**Your goal:** Keep the pictures out of the copy and repeat the records exactly.

(Extracted records)
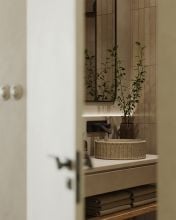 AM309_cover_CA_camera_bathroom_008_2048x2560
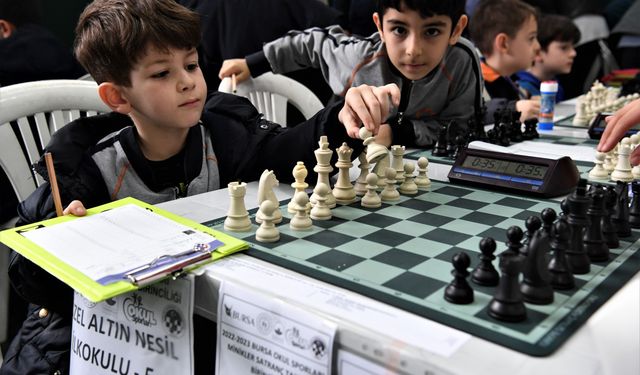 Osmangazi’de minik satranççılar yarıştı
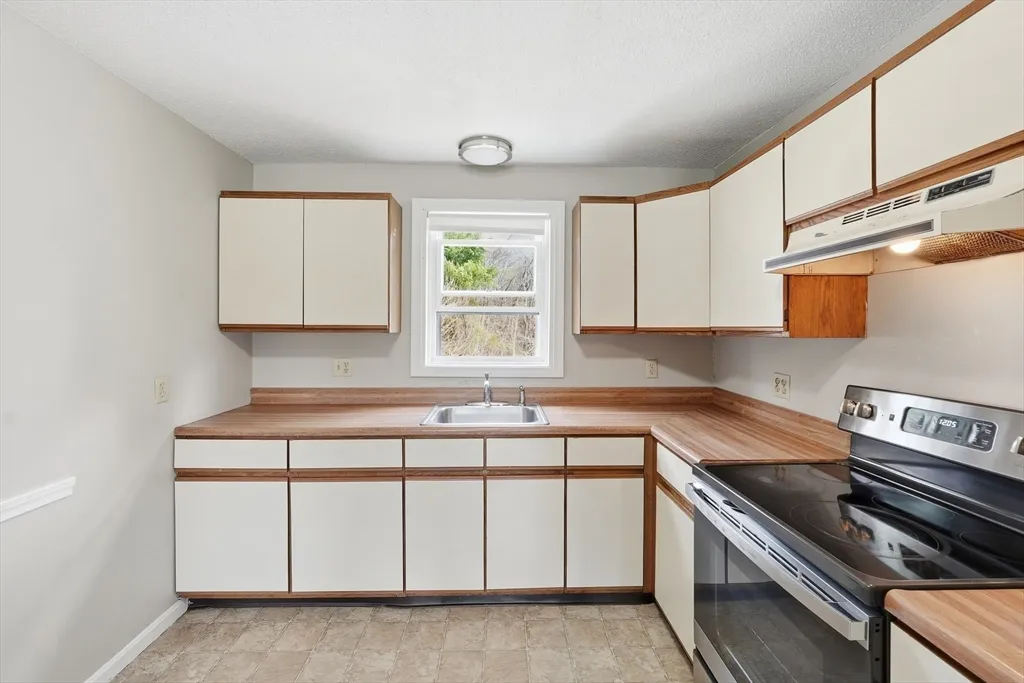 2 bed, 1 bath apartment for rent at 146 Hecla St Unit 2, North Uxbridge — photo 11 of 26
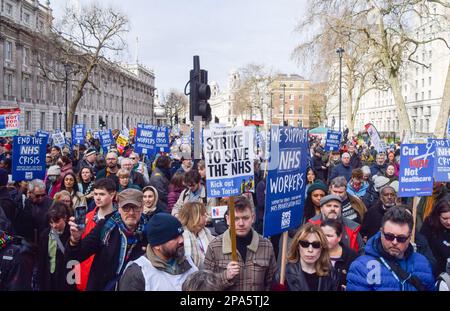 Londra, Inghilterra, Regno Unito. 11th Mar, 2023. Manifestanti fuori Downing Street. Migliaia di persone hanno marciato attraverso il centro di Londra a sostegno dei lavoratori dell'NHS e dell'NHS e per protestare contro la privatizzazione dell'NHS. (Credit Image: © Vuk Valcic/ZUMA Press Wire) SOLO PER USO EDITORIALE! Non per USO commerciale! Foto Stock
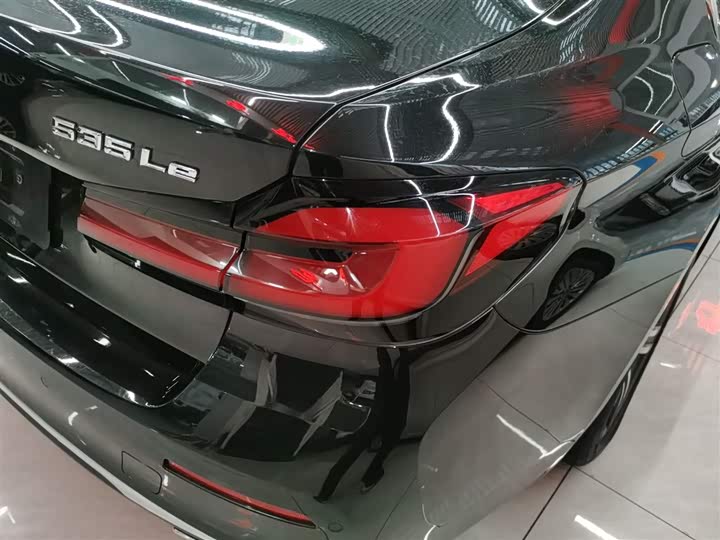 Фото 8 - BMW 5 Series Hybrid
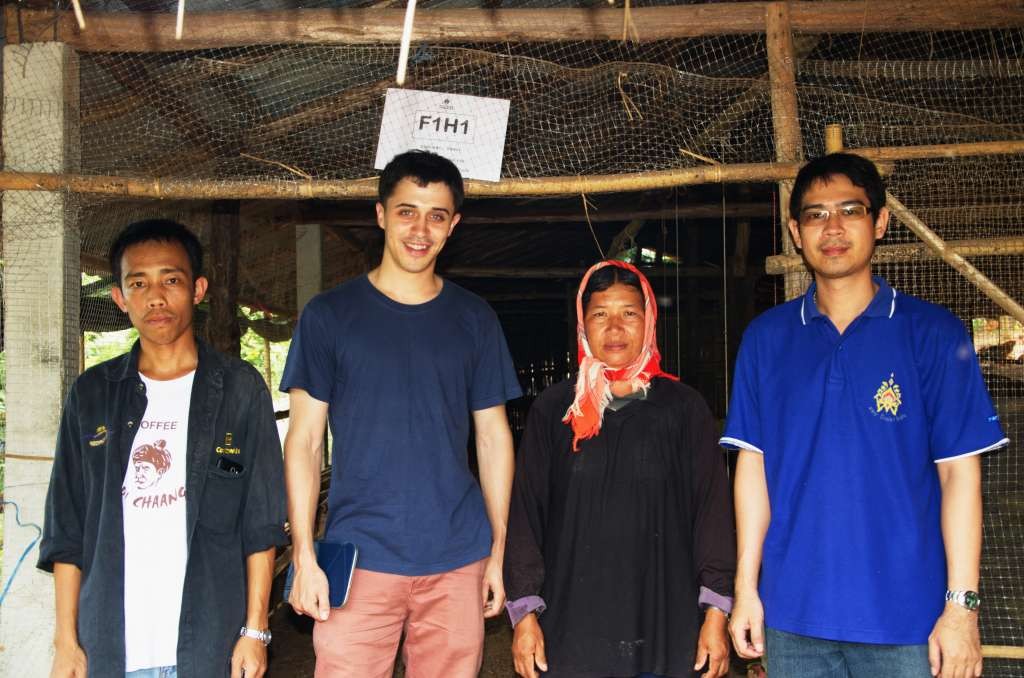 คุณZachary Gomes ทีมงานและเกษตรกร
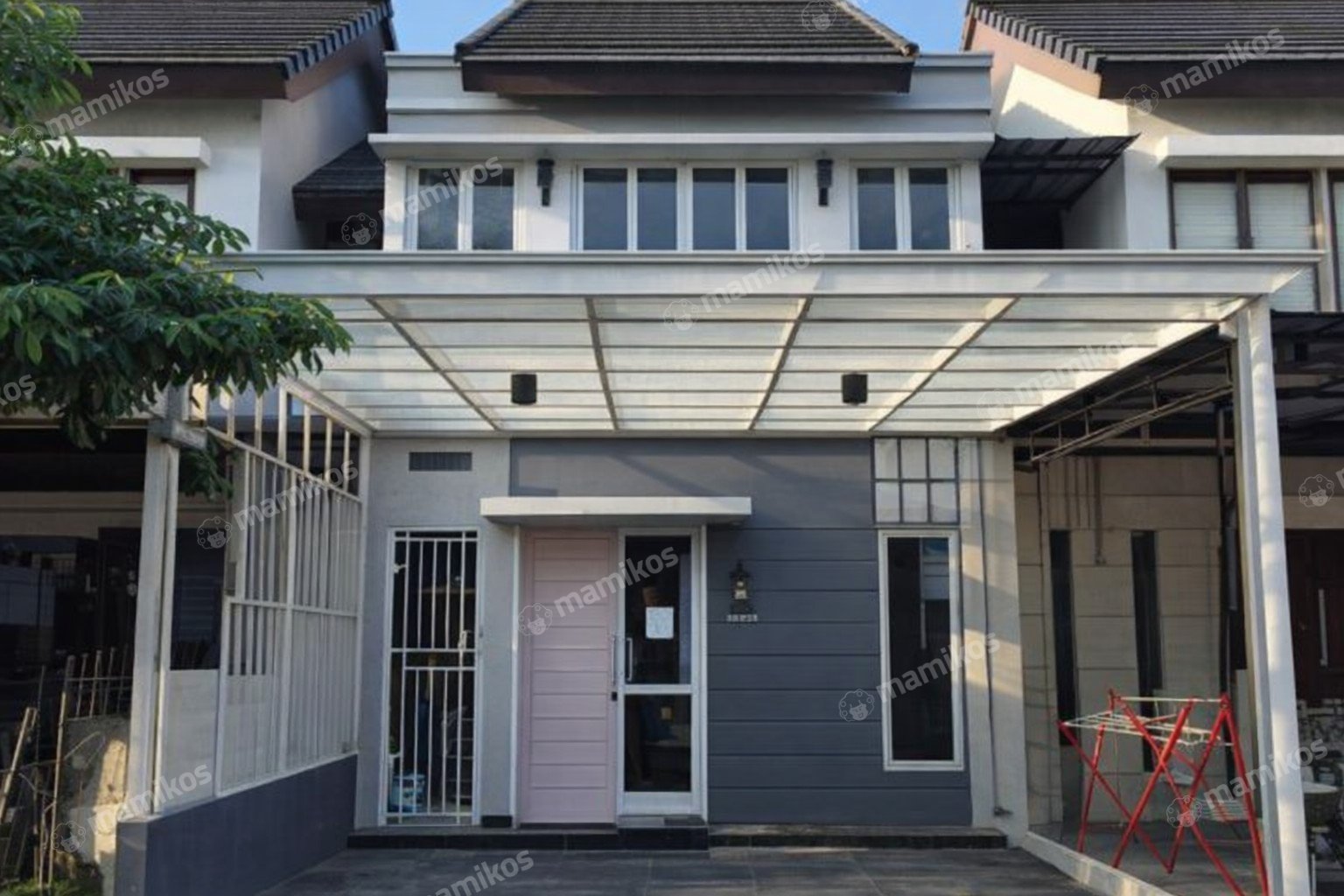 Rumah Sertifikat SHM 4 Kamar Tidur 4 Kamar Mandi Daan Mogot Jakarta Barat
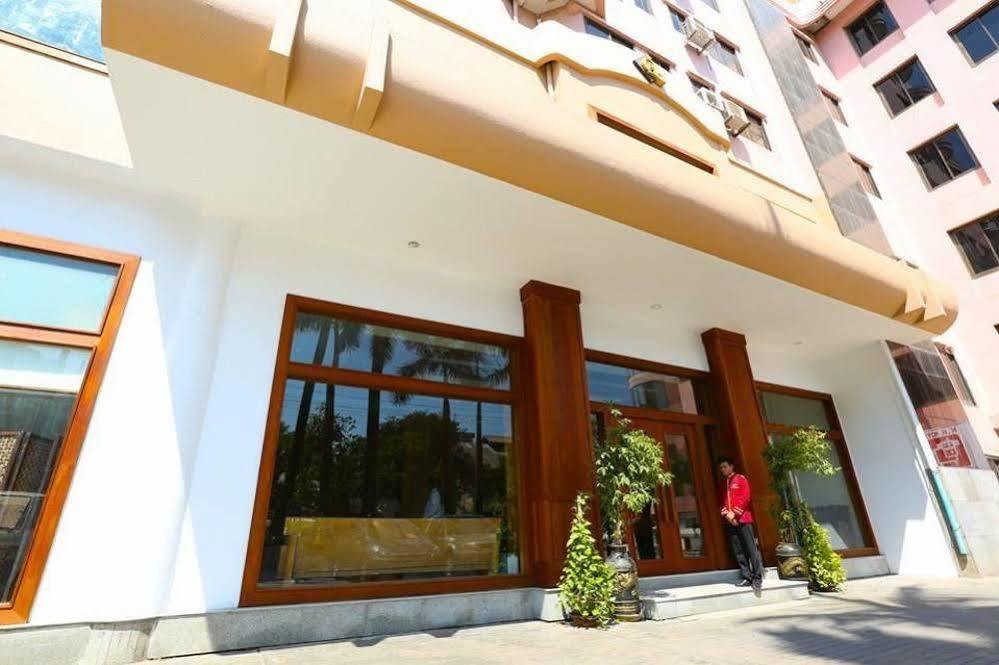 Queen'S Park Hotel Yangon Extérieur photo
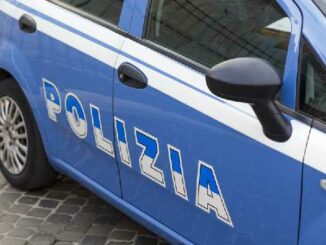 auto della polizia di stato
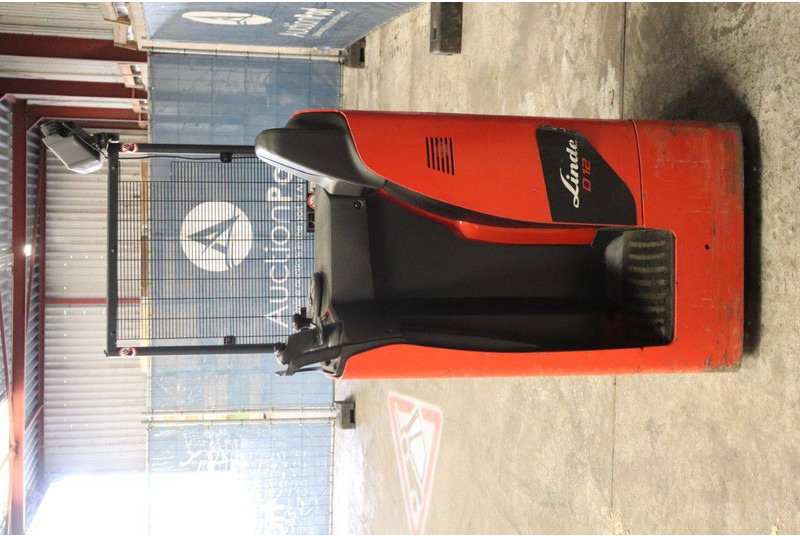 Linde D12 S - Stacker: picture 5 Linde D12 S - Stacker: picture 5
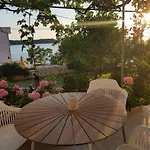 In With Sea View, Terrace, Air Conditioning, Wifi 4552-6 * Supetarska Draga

**Exercise answer:**
 AM309_cover_CA_camera_bathroom_008_2048x2560
 Osmangazi’de minik satranççılar yarıştı
 2 bed, 1 bath apartment for rent at 146 Hecla St Unit 2, North Uxbridge — photo 11 of 26
 Londra, Inghilterra, Regno Unito. 11th Mar, 2023. Manifestanti fuori Downing Street. Migliaia di persone hanno marciato attraverso il centro di Londra a sostegno dei lavoratori dell'NHS e dell'NHS e per protestare contro la privatizzazione dell'NHS. (Credit Image: © Vuk Valcic/ZUMA Press Wire) SOLO PER USO EDITORIALE! Non per USO commerciale! Foto Stock
 Фото 8 - BMW 5 Series Hybrid
 คุณZachary Gomes ทีมงานและเกษตรกร
 Rumah Sertifikat SHM 4 Kamar Tidur 4 Kamar Mandi Daan Mogot Jakarta Barat
 Queen'S Park Hotel Yangon Extérieur photo
 auto della polizia di stato
 Linde D12 S - Stacker: picture 5 Linde D12 S - Stacker: picture 5
 In With Sea View, Terrace, Air Conditioning, Wifi 4552-6 * Supetarska Draga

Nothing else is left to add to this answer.